━━━━━ Data records
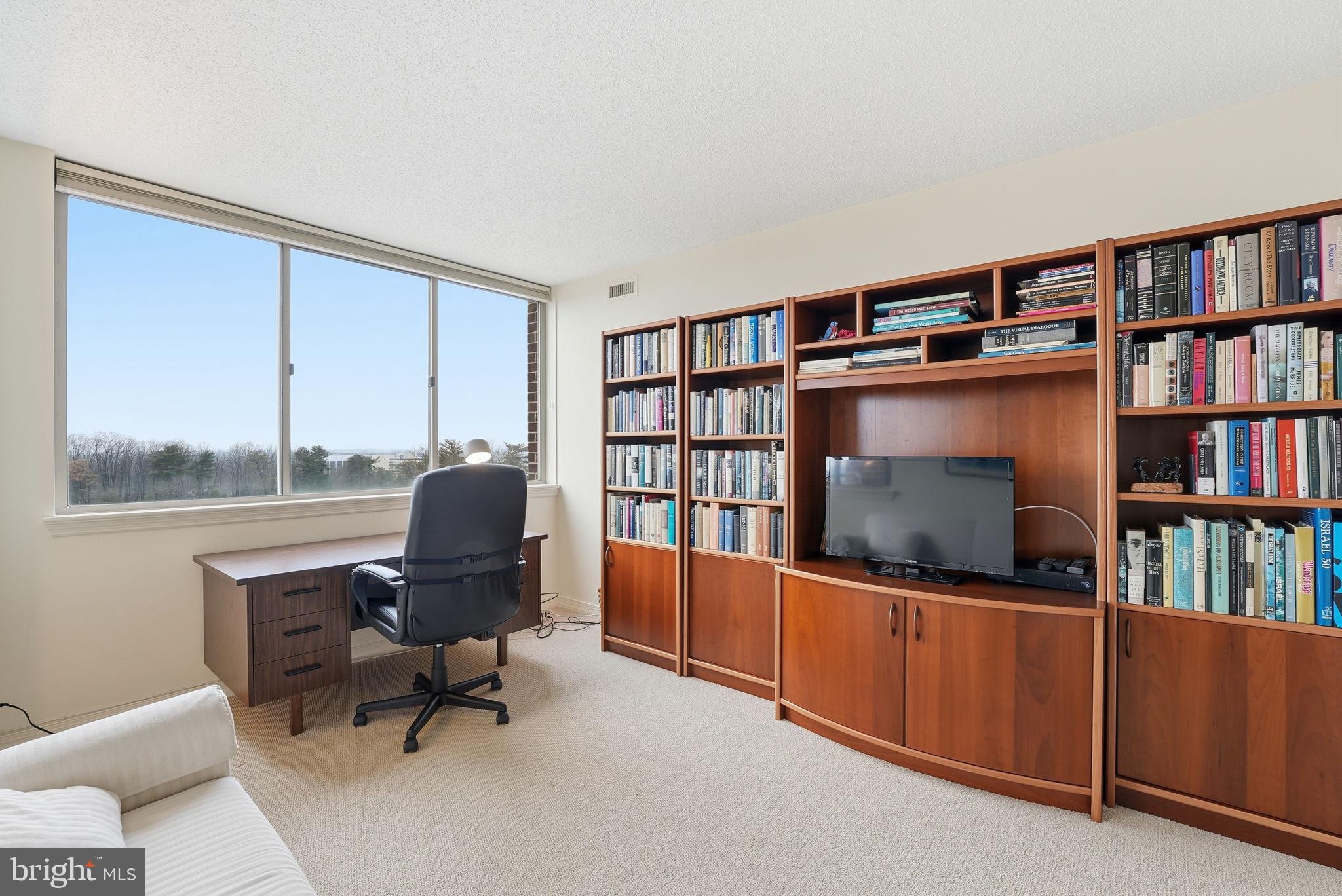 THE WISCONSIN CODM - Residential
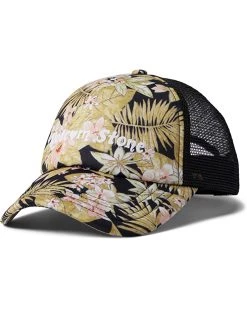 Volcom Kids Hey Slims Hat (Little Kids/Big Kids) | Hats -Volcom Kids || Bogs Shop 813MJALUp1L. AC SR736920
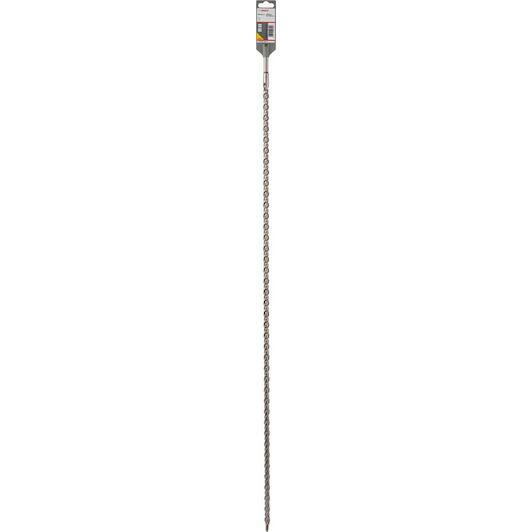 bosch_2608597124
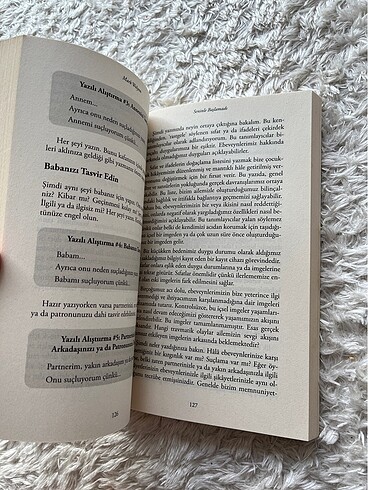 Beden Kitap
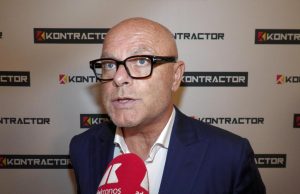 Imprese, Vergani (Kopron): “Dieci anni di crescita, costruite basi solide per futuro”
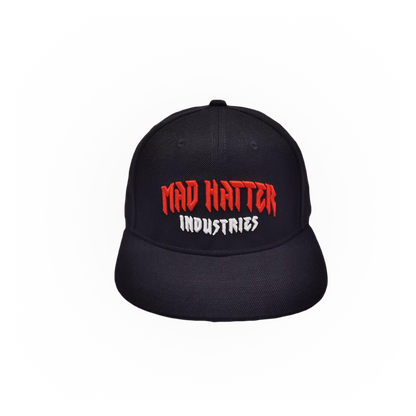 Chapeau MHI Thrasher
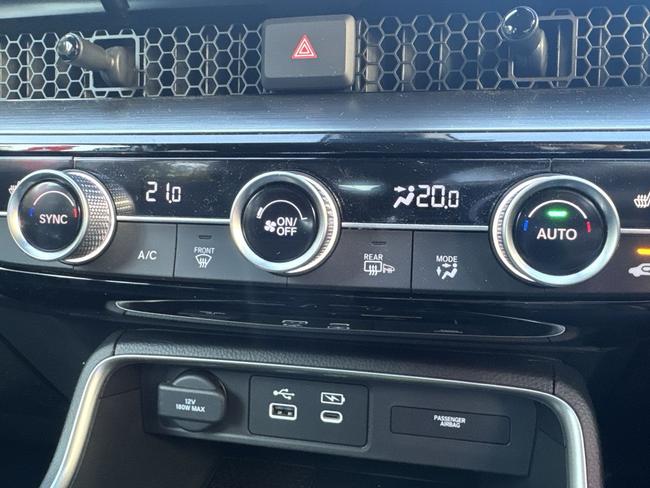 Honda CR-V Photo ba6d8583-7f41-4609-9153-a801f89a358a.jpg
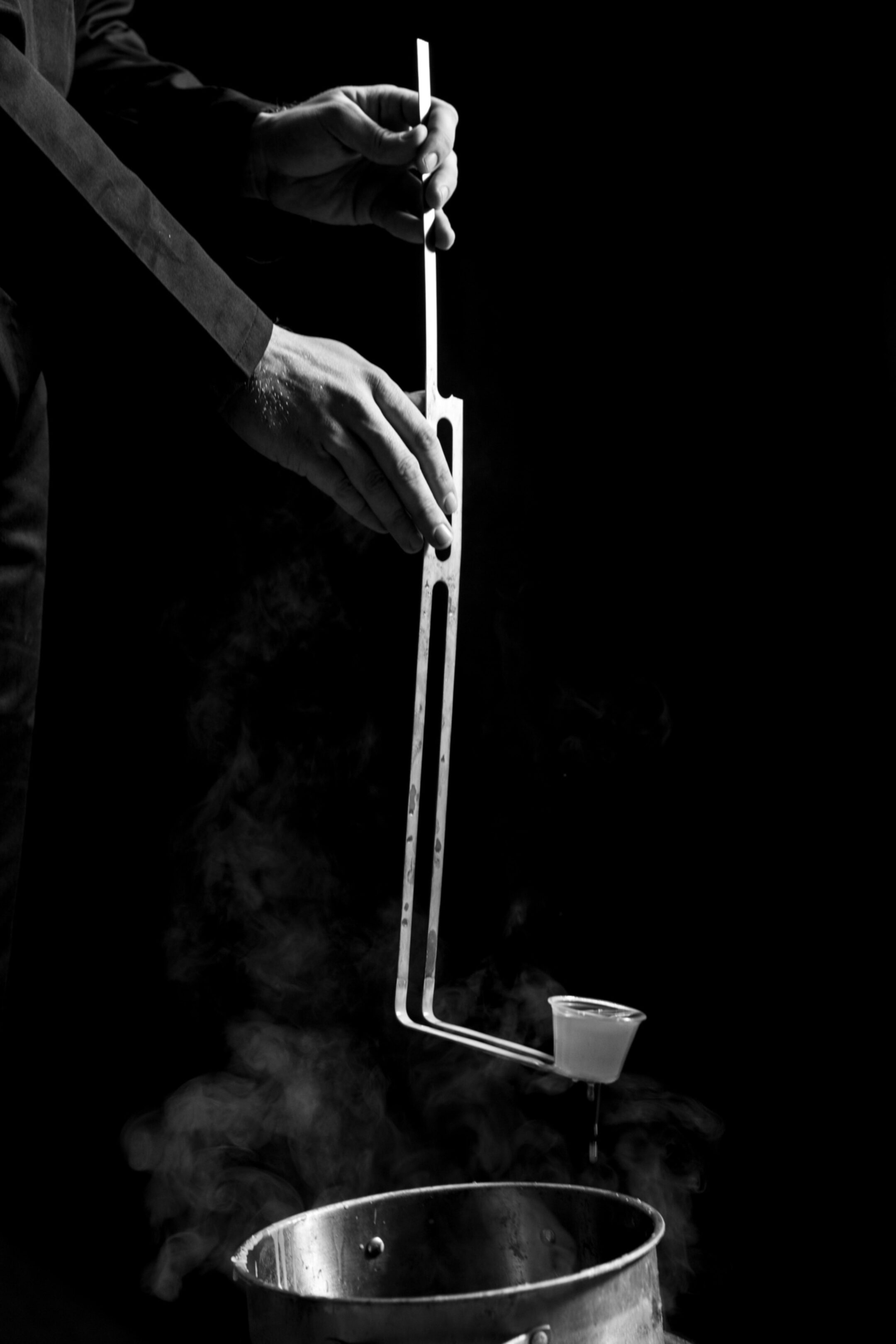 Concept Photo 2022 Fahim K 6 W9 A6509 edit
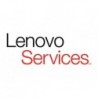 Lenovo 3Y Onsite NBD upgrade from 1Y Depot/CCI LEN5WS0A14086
━━━━━━━━━━
*What the task requires*:
Once the pictures are set aside, write out each record exactly.

*Completed exercise*:
 THE WISCONSIN CODM - Residential
 Volcom Kids Hey Slims Hat (Little Kids/Big Kids) | Hats -Volcom Kids || Bogs Shop 813MJALUp1L. AC SR736920
 bosch_2608597124
 Beden Kitap
 Imprese, Vergani (Kopron): “Dieci anni di crescita, costruite basi solide per futuro”
 Chapeau MHI Thrasher
 Honda CR-V Photo ba6d8583-7f41-4609-9153-a801f89a358a.jpg
 Concept Photo 2022 Fahim K 6 W9 A6509 edit
 Lenovo 3Y Onsite NBD upgrade from 1Y Depot/CCI LEN5WS0A14086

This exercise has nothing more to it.